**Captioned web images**
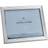 Georg Jensen Bernadotte Silver Ramme 25x1.5cm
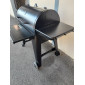 OCCASION BBQ A PELLETS PIT BOSS 1150 NAVIGATOR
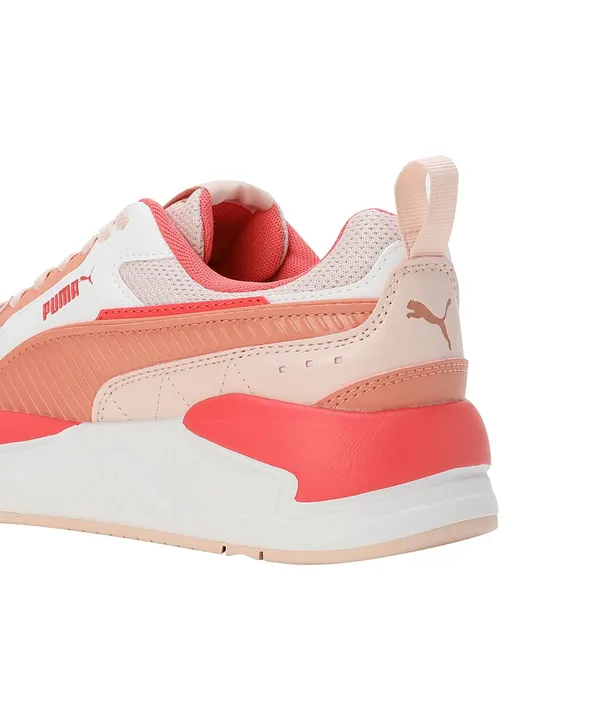 Puma_Women_Xray_2_Square_Sneaker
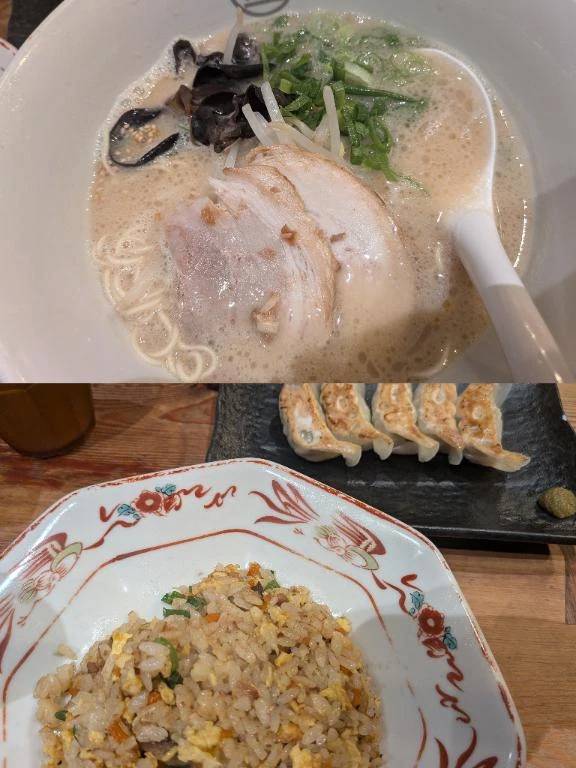 めっちゃ美味しかった♡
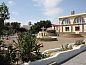 Unterkunft 1480101 • Ferienhaus Costa Almeria / Tropical • Beach House   • 1 von 10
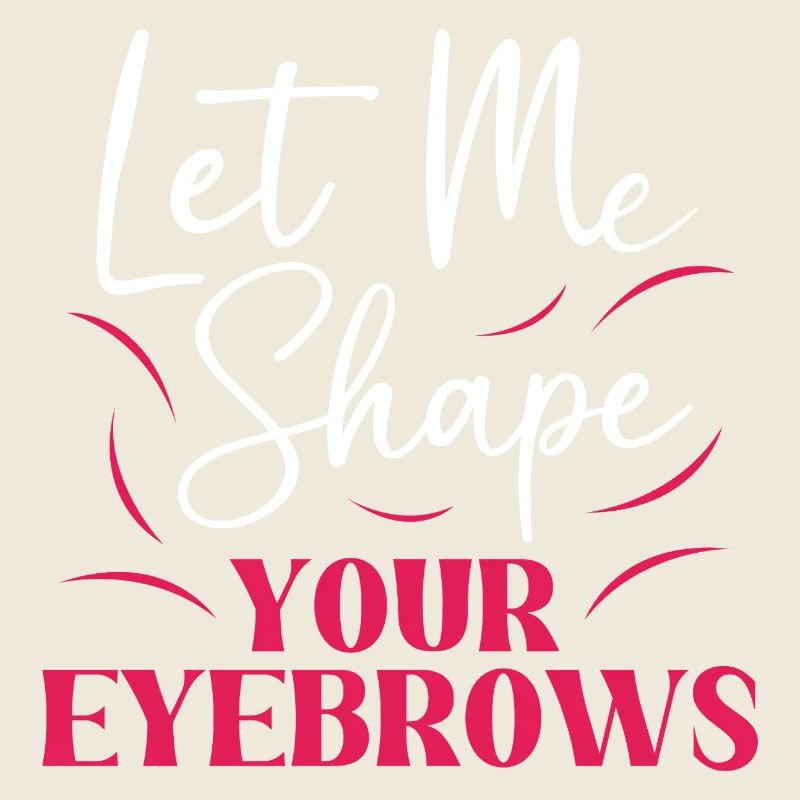 Makeup Microblading Cosmetic Beautician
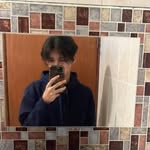 Horacio - @_horacioperez__ - Instagram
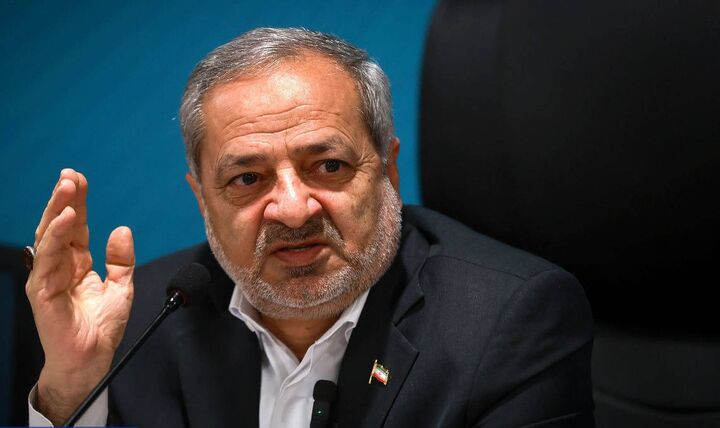 امکان تعویق امتحانات نهایی در صورت تداوم شرایط کشور/ساخت ۸ مدرسه «شجره طیبه رضویه» با همت آستان قدس رضوی 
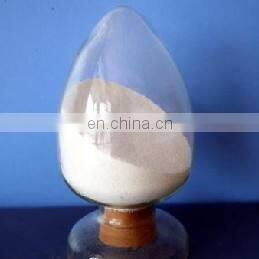 Best Sale XF/GFG/FG High Efficiency Horizontal Fluid Bed Dryer Boiling Dryer for Adipic acid/adipate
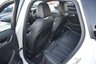 USED 2016 16 AUDI RS3 2.5 TFSI Sportback 5dr Petrol S Tronic quattro Euro 6 (s/s) (Nav) (367 ps) MAXTON / BLACK PK / LOW MILES
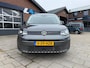 Volkswagen Caddy Cargo 2.0 TDI 122PK Style DSG | 2 x Schuifdeur | NIEUWSTAAT | 88KM! NAVI | CAMERA | ACC | BLIS | Trekhaak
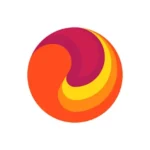 ENIX Icon Pack v5.3 APK (Full Version)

**Work item**
Quote, please, only the lines running from the one with "Horacio - @_horacioperez__ - Instagram" down to the final line of the data above, keeping both ends and skipping the pictures.

**Written solution**
 Horacio - @_horacioperez__ - Instagram
 امکان تعویق امتحانات نهایی در صورت تداوم شرایط کشور/ساخت ۸ مدرسه «شجره طیبه رضویه» با همت آستان قدس رضوی 
 Best Sale XF/GFG/FG High Efficiency Horizontal Fluid Bed Dryer Boiling Dryer for Adipic acid/adipate
 USED 2016 16 AUDI RS3 2.5 TFSI Sportback 5dr Petrol S Tronic quattro Euro 6 (s/s) (Nav) (367 ps) MAXTON / BLACK PK / LOW MILES
 Volkswagen Caddy Cargo 2.0 TDI 122PK Style DSG | 2 x Schuifdeur | NIEUWSTAAT | 88KM! NAVI | CAMERA | ACC | BLIS | Trekhaak
 ENIX Icon Pack v5.3 APK (Full Version)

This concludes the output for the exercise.